REPUBLIKA.CO.ID, SLEMAN -- Badan Nasional Penggulangan Terorisme (BNPT) mengingatkan aplikasi permainan Pokemon Go yang saat ini sedang banyak digemari masyarakat di Indonesia bisa dimanfaatkan untuk kepentingan terorisme.
"Permainan Pokemon Go dan segala permainan bisa dimanfaatkan untuk kepentingan yang bersifat radikalisme dan terorisme," kata Deputi I Bidang Pencegahan, Perlindungan dan Deradikalisasi Badan Nasional Penanggulangan Terorisme (BNPT) Mayor Jenderal Abdul Rahman Kadir di Sleman, Kamis (21/7).
Menurutnya pelaku terorisme merupakan orang yang pintar dan memahami teknologi informasi. Pelaku terorisme bisa memanfaatkan semua yang berada di dunia maya, termasuk game atau permainan-permainan online.
"Masyarakat kami harapkan agar bisa lebih berhati-hati," ucapnya.
Ia mengatakan, jika mengacu pada kejadian terorisme di Prancis beberapa waktu lalu, dimana pelaku juga memanfaatkan game untuk melakukan komunikasi dengan jaringannya. "Pelaku teror di Prancis berkomunikasi melalui fitur chating atau obrolan yang tersedia dalam aplikasi game, sehingga kurang termonitor," jelasnya.

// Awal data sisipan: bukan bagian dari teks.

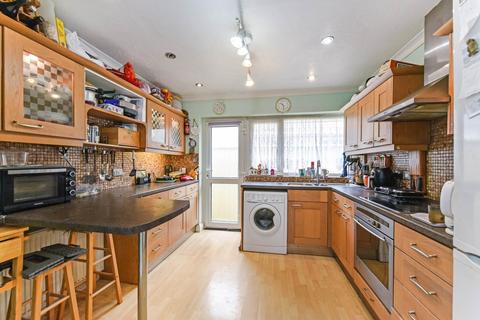 2 bedroom detached bungalow for sale, Grayswood Avenue, Bracklesham Bay, West Sussex, PO20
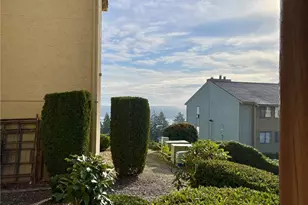 1765 W Sunn Fjord Ln, Bremerton, WA 98312 - Photo 4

Dalam upaya menangkal paham radikalisme dan terorisme di dunia maya, BNPT telah melakukan pelatihan Duta Damai Dunia Maya dan mengajak kaum muda bersinergi dengan Pusat Media Damai BNPT.
Pelatihan diikuti puluhan anak muda dari sejumlah daerah seperti Yogyakarta dan Sleman, serta perwakilan dari Jawa Tengah dan Jawa Timur ini bertujuan untuk menanggulangi propaganda kelompok radikal melalui dunia maya.
"Anak-anak muda ini nantinya akan dibentuk menjadi benteng agen perdamaian dunia maya, baik melalui media sosial maupun website yang menampilkan konten bertentangan dengan Pancasila," kata Kepala Sub Dit Pengawas dan Kontra Propaganda Badan Nasional Penanggulangan Terorisme (BNPT) Kolonel Inf Dadang Hendrayudha.
Menurutnya propaganda organisasi radikal yang berusaha menyerang Indonesia saat ini semakin dirasakan. "Tidak hanya di dunia nyata, propaganda juga terjadi melalui dunia maya," katanya.
Ia mengatakan, anak-anak muda sebagai pengguna dunia maya terbesar menjadi rawan terpengaruh propaganda yang bertentangan dengan nilai-nilai Pancasila.
"Anak-anak muda yang sebagian besar merupakan bloger ini akan diberi pelatihan selama tiga hari tentang bagaimana menjadi benteng dan agen perdamaian dengan diajak untuk membuat website dengan konten positif sebagai kontra propaganda kelompok radikal di dunia maya," jelasnya.